Tom Tangney (far left) in "The Me Nobody Knows" by Gary William Friedman and Will Holt - summer 1972. (Photo by Greg Gilbert/ACT,1972)

I had an ulterior motive for doing a “walk-on” in ACT Theatre’s “A Christmas Carol” this past week. I secretly wanted to relive my youth.

Now, don’t get me wrong. I had a fantastic time “performing” Wednesday night. I may have been in only three quick scenes, but ACT spares no expense with my costume. I am all decked out in a full-blown Victorian outfit, which includes a fancy maroon overcoat, a matching cravat, an ostentatious top hat and even a gold-nobbed cane.

The stage manager first walks me through my three scenes – the opening song, a London street scene, and the finale – and then leaves me in the charge of Brandon Oke, an energetic fifth grader, who plays the Turkey Boy, among many other parts. He’s in charge of my entrances and exits, and he leads me through the entrails of the theatre – it’s a theatre in the round – like a pro.

As the show opens, I join the cast in singing “God Rest Ye Merry Gentlemen.” About 45 minutes later, I have my big scene with Juliette, who plays the older Cratchit daughter. We dash across the stage together, she buys an orange from a fruit seller, and then a cookie from another vendor, and off we dash.

That is it for me until the end of the show, when I come back on stage and watch Tiny Tim being lifted onto the shoulders of a rejuvenated Ebenezer Scrooge. To put the perfect bow on the show, we all sing “God Rest Ye Merry Gentlemen” one last time

As thrilling as it was to get on stage, the most fun I had was hanging out with all the actors. I shared a dressing room with one of the all-time great Seattle actors, R. Hamilton Wright (Scrooge), along with a half-dozen other actors who I’ve seen in other great shows like “Assassins” and “Stupid F-ing Bird.”

Backstage, I got a chance to talk about movies with another great Seattle veteran, Marianne Owen (Mrs. Fezziwig), and talk about Brooklyn with NYC transplant Andrew McGinn (Spirit 2).

And most nostalgically, I chatted up all the kids in the show. Why you ask? Well, it wasn’t too long ago that I was much like them. (Okay, it WAS a long time ago, it just doesn’t feel that way to me.)

This brings me to my real reason for doing ACT’s “A Christmas Carol” this year. Way back in 1972, I was a 17-year-old high-school student who was lucky enough to be cast in ACT’s production of the hit musical “The Me Nobody Knows.” For a teenager like me, this was almost too good to be true. Not only was it a rock musical, but I also got to play someone my own age! Because I was tall and had a deep voice, I almost always played older men in my Blanchet High school musicals (Horace Vandergelder in “Hello Dolly,” Mr.

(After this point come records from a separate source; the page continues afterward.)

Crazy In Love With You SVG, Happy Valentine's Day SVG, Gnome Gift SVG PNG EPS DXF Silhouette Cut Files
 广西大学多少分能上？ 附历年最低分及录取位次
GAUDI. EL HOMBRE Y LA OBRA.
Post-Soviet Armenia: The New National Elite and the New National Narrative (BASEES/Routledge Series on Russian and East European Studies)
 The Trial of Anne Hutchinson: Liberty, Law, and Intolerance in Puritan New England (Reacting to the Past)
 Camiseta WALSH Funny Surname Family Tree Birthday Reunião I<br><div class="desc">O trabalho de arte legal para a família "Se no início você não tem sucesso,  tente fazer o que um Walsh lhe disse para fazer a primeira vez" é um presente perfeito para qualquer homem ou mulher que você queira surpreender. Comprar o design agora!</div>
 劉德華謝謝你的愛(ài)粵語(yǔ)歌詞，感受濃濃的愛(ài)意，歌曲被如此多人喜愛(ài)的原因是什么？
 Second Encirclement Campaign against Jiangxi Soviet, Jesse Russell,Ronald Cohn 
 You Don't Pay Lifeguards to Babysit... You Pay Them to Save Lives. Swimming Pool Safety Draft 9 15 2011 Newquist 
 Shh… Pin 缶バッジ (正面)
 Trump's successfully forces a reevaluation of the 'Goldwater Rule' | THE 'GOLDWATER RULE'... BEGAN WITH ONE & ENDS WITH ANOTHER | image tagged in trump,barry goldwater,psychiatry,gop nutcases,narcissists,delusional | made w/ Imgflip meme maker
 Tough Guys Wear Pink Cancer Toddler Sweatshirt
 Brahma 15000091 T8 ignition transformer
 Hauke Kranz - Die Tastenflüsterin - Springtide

Babcock in “Mame,” etc.) And here I was playing an inner-city youth who was far hipper and cooler than I could ever be. And get a load of my signature song:

I love girls, I love what the girls have
Love that thing, that thing that the girls got
That thing sure is big and fine
Can’t you see how it blows my mind!

Getting to sing lyrics like that while wearing wacky 1970’s clothes was an absolute blast.

And now I’ve come full circle. After all this time, I was able to return to the ACT stage, 44 years after the last time I trod those boards (metaphorically speaking, of course. ACT moved into new digs many years ago.) And I fully appreciate the fact that I’m now the age I always pretended to be in my high school plays. In ACT’s “A Christmas Carol” this past week, I was once again playing someone my own age, no longer a hyperkinetic teen, but rather a distinguished and graying Victorian gentleman.

Thanks for the memories, new and old, ACT Theatre!